### PROBLEM
Give again, word for word, every line below from the one that has "We'll put all" through the one that has "The most primitive", both included, and no others.

### INPUT FOR THIS TASK
»»
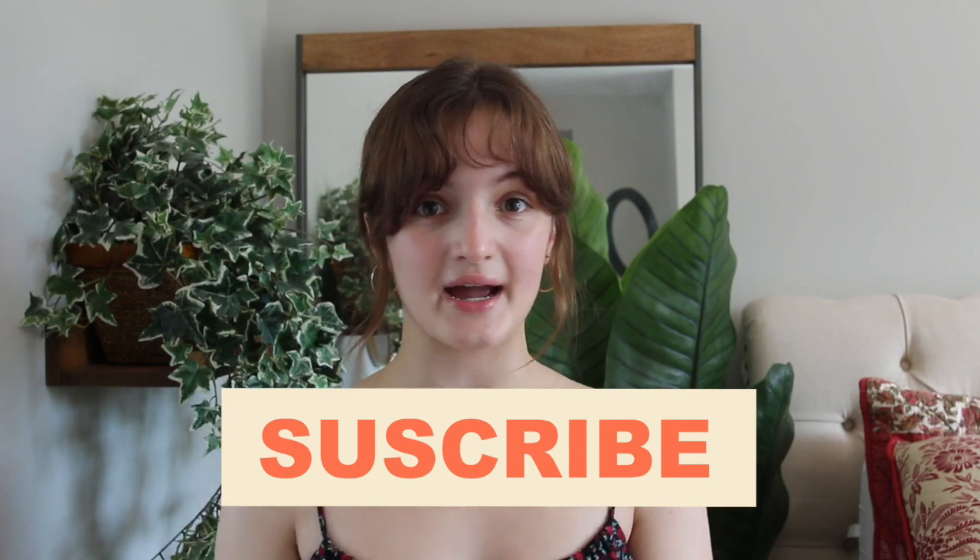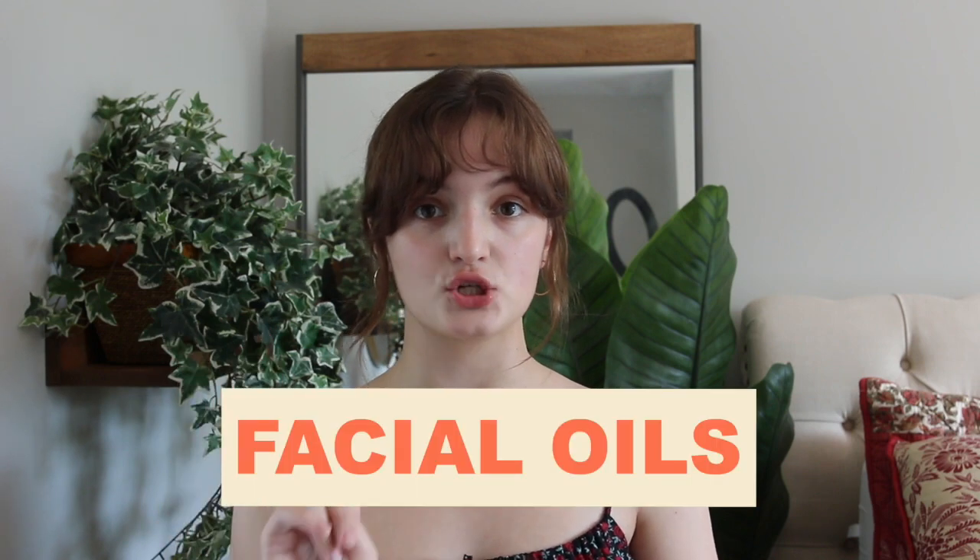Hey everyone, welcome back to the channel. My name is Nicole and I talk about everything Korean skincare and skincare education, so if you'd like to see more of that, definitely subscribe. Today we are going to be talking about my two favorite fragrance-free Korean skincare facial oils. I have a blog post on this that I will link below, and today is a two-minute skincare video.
««
»»
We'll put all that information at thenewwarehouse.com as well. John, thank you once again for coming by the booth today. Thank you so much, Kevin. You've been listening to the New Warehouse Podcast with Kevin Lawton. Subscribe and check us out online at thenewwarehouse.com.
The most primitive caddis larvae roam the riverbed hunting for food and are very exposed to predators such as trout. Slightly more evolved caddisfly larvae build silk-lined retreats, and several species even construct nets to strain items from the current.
««
### RESPONSE
We'll put all that information at thenewwarehouse.com as well. John, thank you once again for coming by the booth today. Thank you so much, Kevin. You've been listening to the New Warehouse Podcast with Kevin Lawton. Subscribe and check us out online at thenewwarehouse.com.
The most primitive caddis larvae roam the riverbed hunting for food and are very exposed to predators such as trout. Slightly more evolved caddisfly larvae build silk-lined retreats, and several species even construct nets to strain items from the current.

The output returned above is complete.